▶ _EXERCISE_
Would you write out each line of the material below exactly, skipping every picture?

▶ _DATA FOR THE TASK_

◇ ◇ ◇ ◇ ◇ ◇ ◇

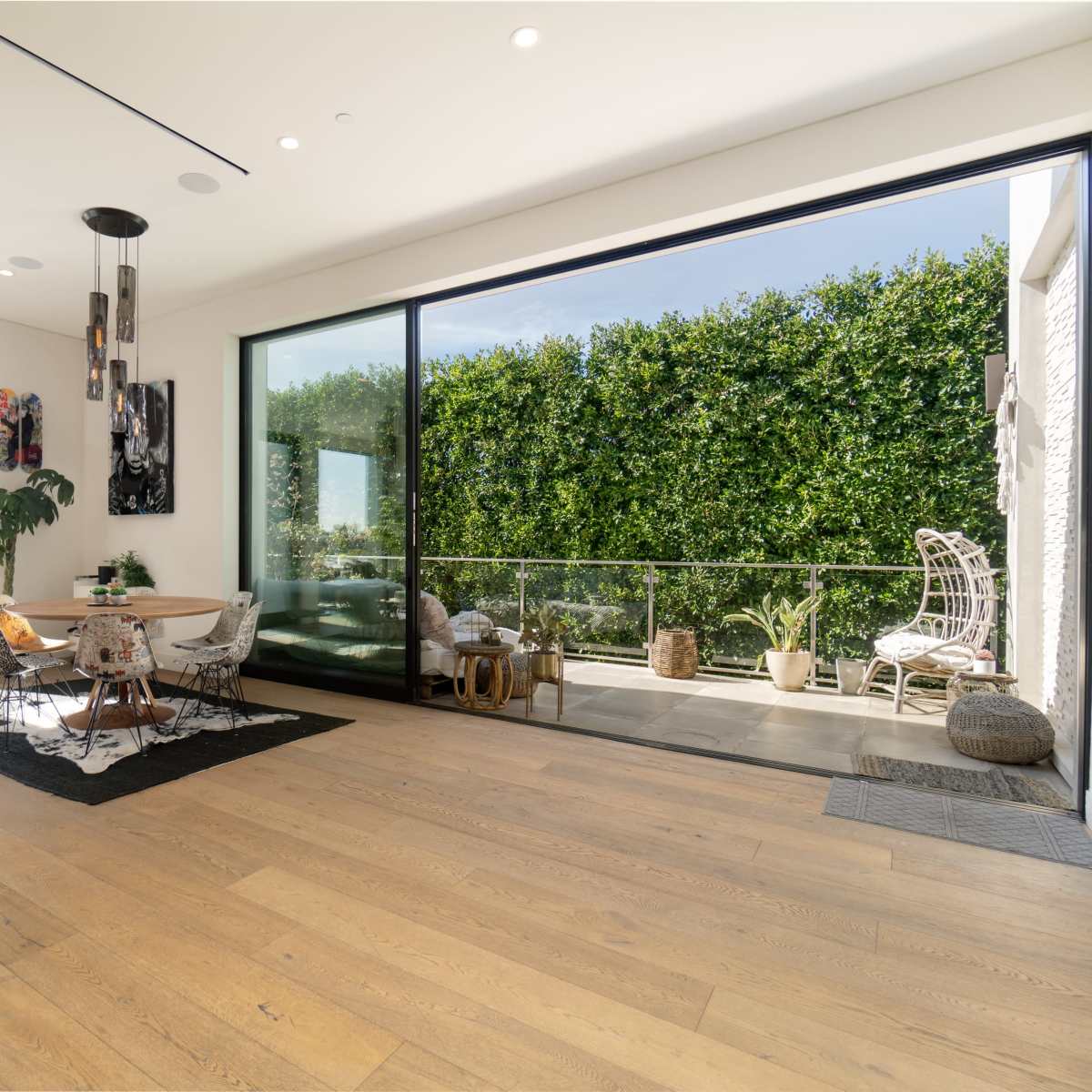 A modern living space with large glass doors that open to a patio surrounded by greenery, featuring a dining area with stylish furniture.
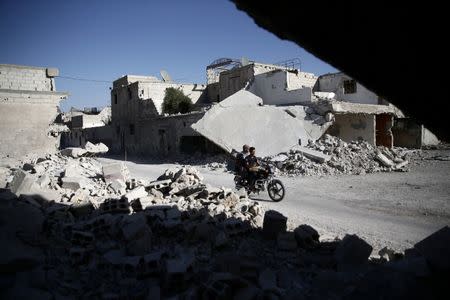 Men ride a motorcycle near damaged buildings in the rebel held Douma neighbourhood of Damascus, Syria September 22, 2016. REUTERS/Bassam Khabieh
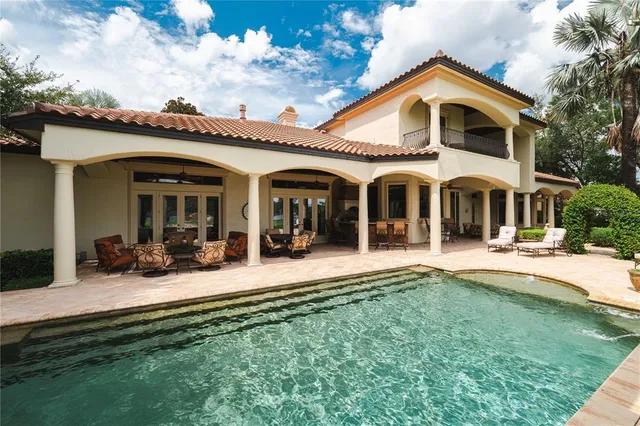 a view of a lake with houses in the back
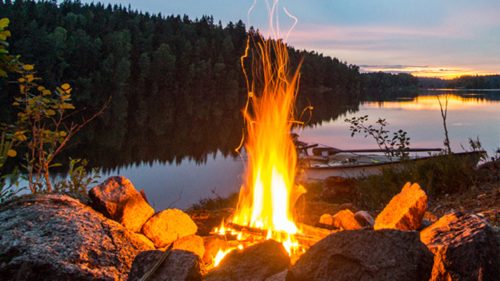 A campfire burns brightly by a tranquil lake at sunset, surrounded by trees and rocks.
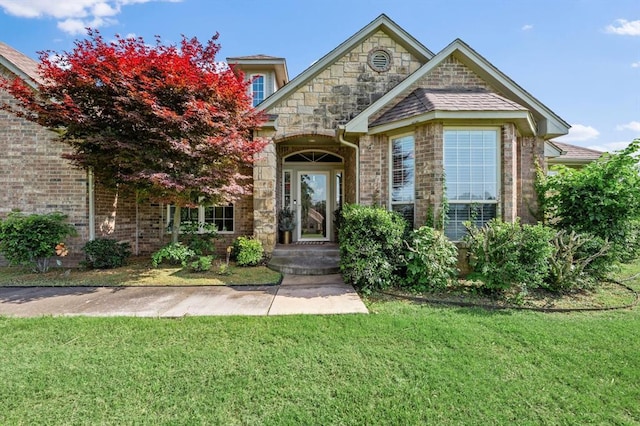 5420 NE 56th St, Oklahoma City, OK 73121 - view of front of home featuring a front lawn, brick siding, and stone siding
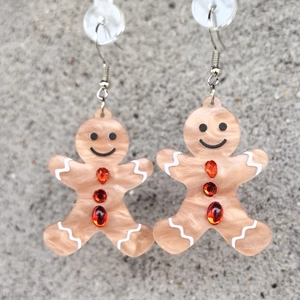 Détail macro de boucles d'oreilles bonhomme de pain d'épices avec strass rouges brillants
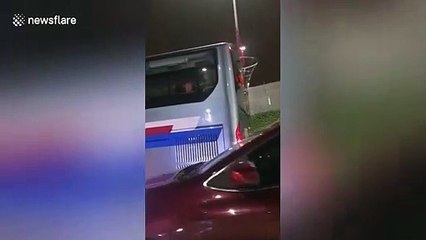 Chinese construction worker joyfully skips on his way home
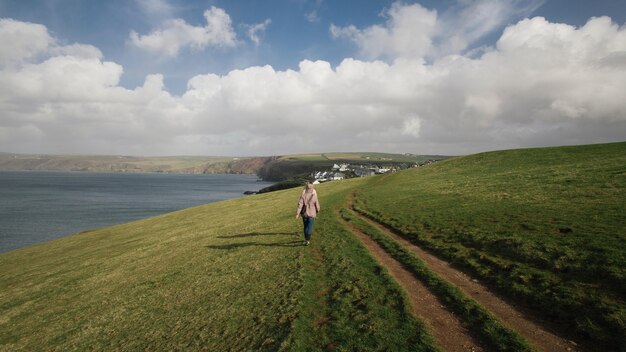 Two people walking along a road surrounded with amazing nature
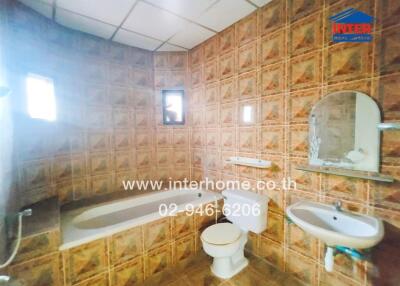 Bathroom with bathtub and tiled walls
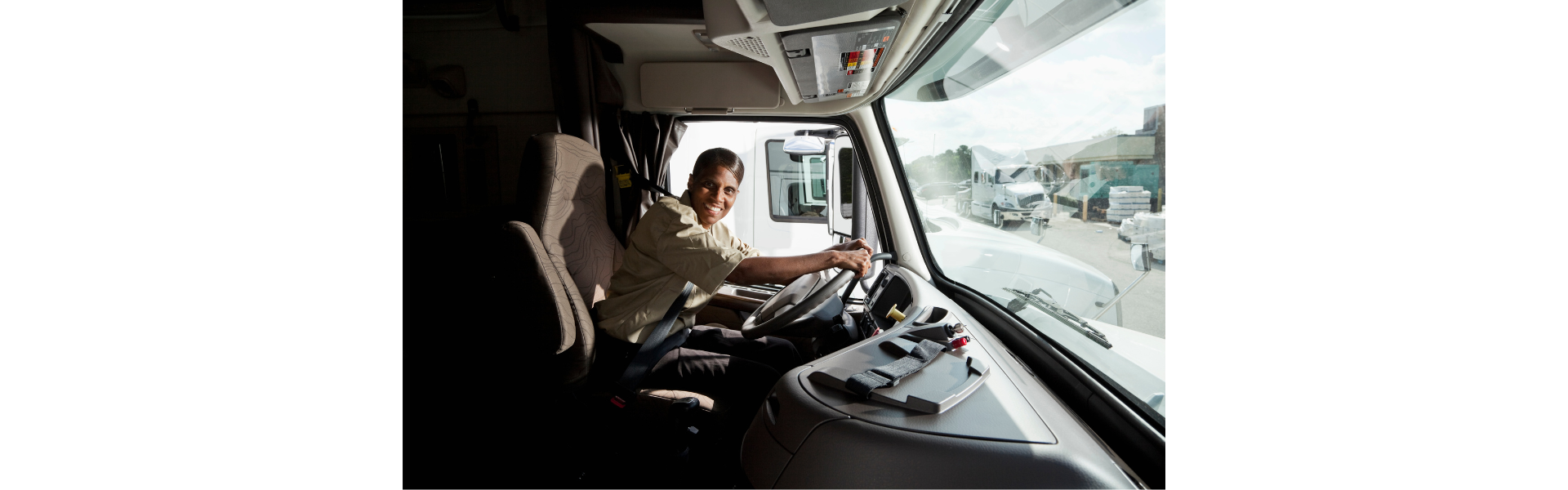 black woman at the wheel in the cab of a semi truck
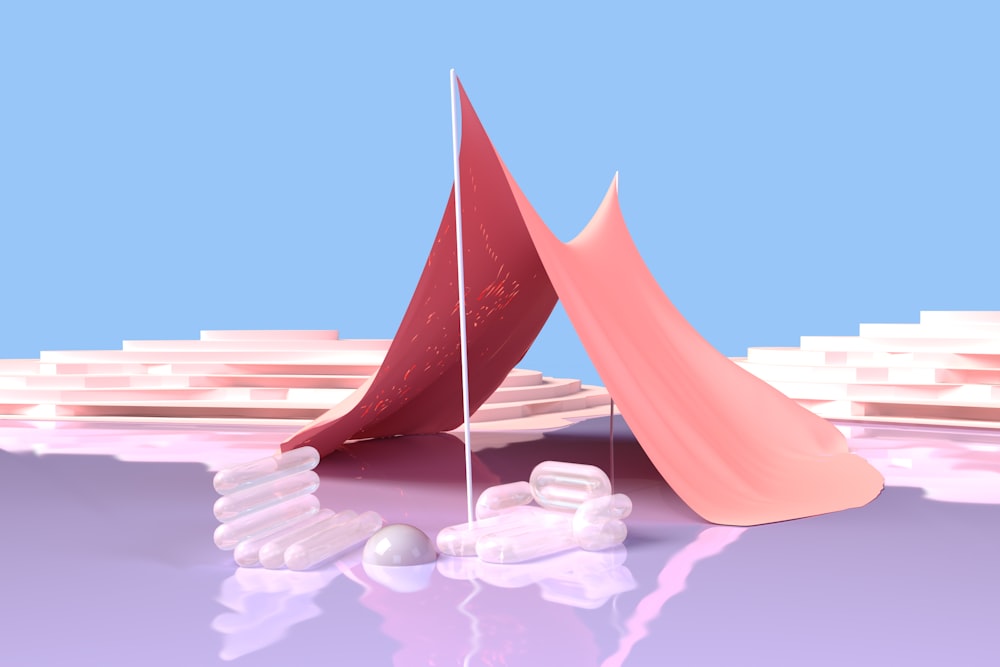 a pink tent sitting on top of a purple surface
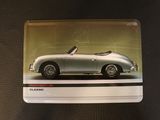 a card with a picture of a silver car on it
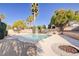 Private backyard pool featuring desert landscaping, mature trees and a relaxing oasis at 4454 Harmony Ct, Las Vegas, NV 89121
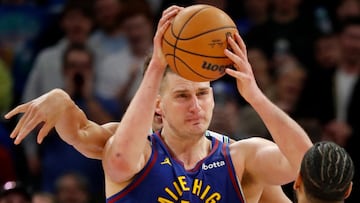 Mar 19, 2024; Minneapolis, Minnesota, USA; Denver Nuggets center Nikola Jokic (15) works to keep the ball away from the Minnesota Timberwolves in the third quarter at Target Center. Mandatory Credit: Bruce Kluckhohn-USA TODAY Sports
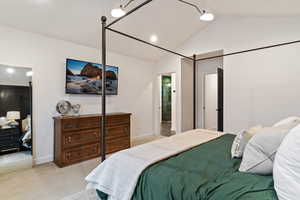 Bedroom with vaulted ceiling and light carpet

◇ ◇ ◇ ◇ ◇ ◇ ◇

▶ _RESULT OF THE TASK_
 A modern living space with large glass doors that open to a patio surrounded by greenery, featuring a dining area with stylish furniture.
 Men ride a motorcycle near damaged buildings in the rebel held Douma neighbourhood of Damascus, Syria September 22, 2016. REUTERS/Bassam Khabieh
 a view of a lake with houses in the back
 A campfire burns brightly by a tranquil lake at sunset, surrounded by trees and rocks.
 5420 NE 56th St, Oklahoma City, OK 73121 - view of front of home featuring a front lawn, brick siding, and stone siding
 Détail macro de boucles d'oreilles bonhomme de pain d'épices avec strass rouges brillants
 Chinese construction worker joyfully skips on his way home
 Two people walking along a road surrounded with amazing nature
 Bathroom with bathtub and tiled walls
 black woman at the wheel in the cab of a semi truck
 a pink tent sitting on top of a purple surface
 a card with a picture of a silver car on it
 Private backyard pool featuring desert landscaping, mature trees and a relaxing oasis at 4454 Harmony Ct, Las Vegas, NV 89121
 Mar 19, 2024; Minneapolis, Minnesota, USA; Denver Nuggets center Nikola Jokic (15) works to keep the ball away from the Minnesota Timberwolves in the third quarter at Target Center. Mandatory Credit: Bruce Kluckhohn-USA TODAY Sports
 Bedroom with vaulted ceiling and light carpet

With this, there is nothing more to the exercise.